I plopped myself down in one of the guest chairs as I had in Schotz’s office. Only now, no one was around to reprimand me. I hunkered down, prepared to wait.

A knock at the door signaled Shannon’s last meeting before lunch. The entire account team arrived, bearing new creative for Shannon’s approval. I watched her work, impressed at how much she’d learned about running a public relations company, at how well she was doing.

Within minutes, I was bored to death. Well, I was dead and bored. The order didn’t matter. While public relations had once been my life’s work, I now found it dull. Reaping was my afterlife’s work and I kept up by reading the trade publications, like Reaper’s Digest and Good Housereaping.

If Conrad was going to show, I wished he’d do it soon. The novelty of being back was quickly wearing thin.

I just wanted to scythe that welching skegger and go home. Dante and I needed some private time to work out our problems. I needed to apologize in new and creative ways for touching his scythe.

Oh, damn. I’d forgotten that my family had moved in with us. That was going to put a damper on apologizing, new and creative. I knew they had decided to stay in Hell and open a restaurant, possibly purchase a franchise of Claire Voyant’s Oracles of Deli even though neither of them was psychic. They were really short on Karmic points though. Maybe I could talk to Claire about reducing the franchise fee. Much as I loved them, I really liked Dante and me having the apartment to ourselves.

I hoped they hadn’t signed anything—nothing good ever came from signing contracts in Hell.

Been there, done that, got the Band-Aid.

Chapter 4

Infest Wisely

THE MEETING ENDED and an unfamiliar woman hustled in bearing a sandwich in spite of Shannon’s protests that food delivery wasn’t part of the new person’s job description.

“Glad to do it. Somebody’s gotta look after you,” the woman said, placing the paper-plated meal on Shannon’s desk. “Had to get my own anyway. Done with these files?” she asked, pointing to a six-inch stack teetering in Shannon’s out-box.

Shannon nodded. “Thanks, Willa. You’re going to do very well here.”

Willa beamed at her apparently new boss and scooped up the files with both arms. She left the office door ajar on her way out.

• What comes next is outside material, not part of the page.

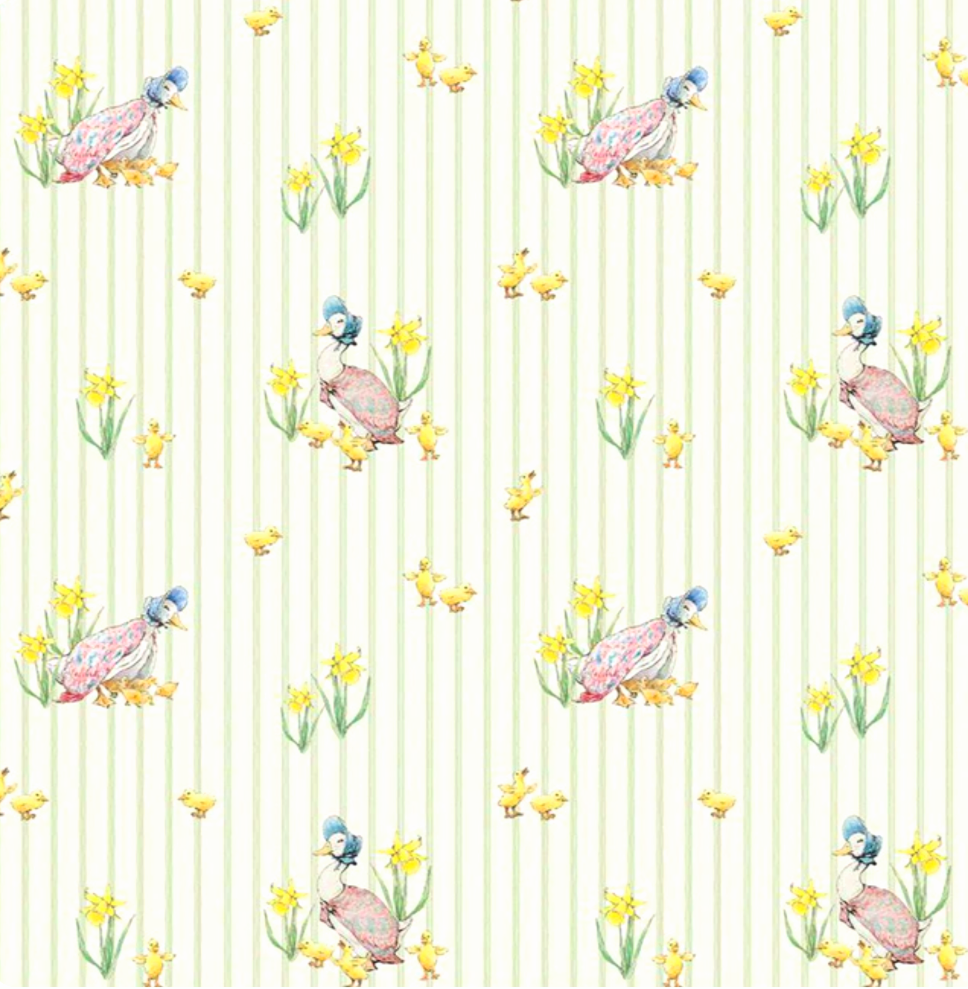 Peter Rabbit and Friends - Duck Stripe - Cream Fabric - 1/2 Meter - Cotton Fabric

I wished I could talk with Shannon but I hadn’t yet learned the trick of making myself visible or audible to the living. And the way Dante was behaving, it wasn’t likely he’d show me anytime soon.

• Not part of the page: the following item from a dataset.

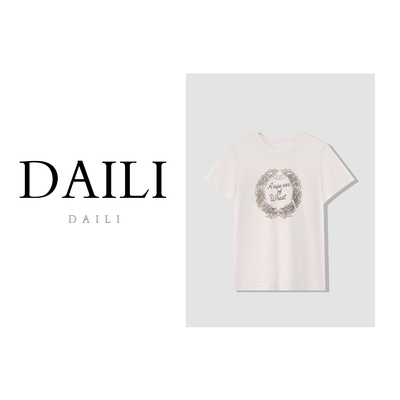 黛利新款时尚圆领短袖气质休闲百搭字母T恤女DL2603015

Shannon had been the best friend I’d ever had. In fact, as I’d learned over the past year, she’d been my only living friend.

Back home—and yes, I called Hell home now—I had Char, Sybil, Claire, Seiko, Kali and most of my other former classmates, not to mention Dante. (And let’s not mention Dante, ’kay?) With the exception of Shannon, they were much better friends than I’d ever had on the Coil.

It’s a wonderful afterlife.

Shannon took a bite of her sandwich, then shuffled through the piles of papers on her desk, finally ferreting out the contract she’d been reading as I’d followed her down the hall earlier. Grabbing a designer pen, she let the nib hover over the signature line for several minutes while she chewed the lip gloss off her bottom lip and stared at the page. Finally, she dipped the pen to the paper, the words flowing scratchily as she signed and dated it.

It seemed weird to see blue ink instead of red.